When we got home, Mike and I started to process it to make the most out of every cent we spent.

First, Mike removed the thin layer of fat that is always to be found on hams.  He then began to slice it for various uses:  ham steaks to grill, thin slices for sandwiches, chunks for casseroles, and small bits and pieces for ham salad, soup and ham loaf.

Meanwhile, I took the pieces of fat and began to render them down.  We eventually got half a jar of renderings that will now be used in cooking.

  I can hear that shocked intake of breath.  But let me just point out that my cholesterol is low; my good is high and my bad is low;  and, my triglycerides are fine.

At the end of all this work, the bone and the rendering remnants went into my soup pot and were covered with water to cook and become broth for future soup.  We got enough broth for five small pots of soup.

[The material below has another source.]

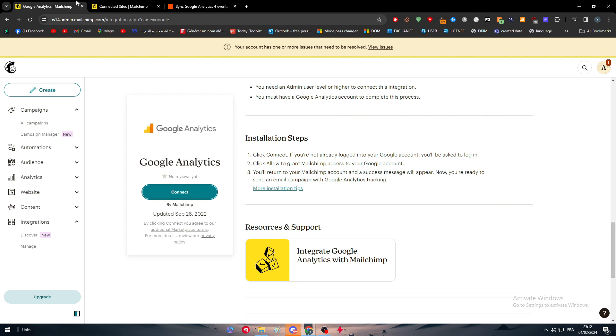So these are the two methods on actually how to connect your MailChimp account with Google Analytics. They are very easy, very straightforward things to do. So that being said, that was it for today's video. I hope you enjoyed it. Make sure to leave a like and subscribe to our channel and see you guys in the next tutorial.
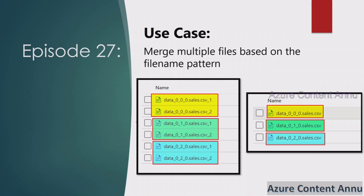Let's see the requirement in detail. In my ADLS account I have a few CSV files, but if you see at the end we don't have a csv extension — it is csv_1, csv_2. These are not actually valid extensions. If you see the file names, these two files have data_0_0_0, so there are three zeros in these two files, and after that it has dot sales and then dot csv underscore the number.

Once cooked, the bone is stripped of any remaining ham which is added back to the soup broth.  The broth is then chilled and the fat removed from the top and added to the rendering.

The result:  enough meat and broth for at least 36 meals for the two of us.  That comes out to 12 1/2 cents per serving.  The flavor added by the renderings to future meals is extra.

Granted, in lots of the meals the meat will be more of a condiment than the main focus, but the flavor will still excite our taste buds,  the reduction in meat consumption will be healthier, and our budget will thank us.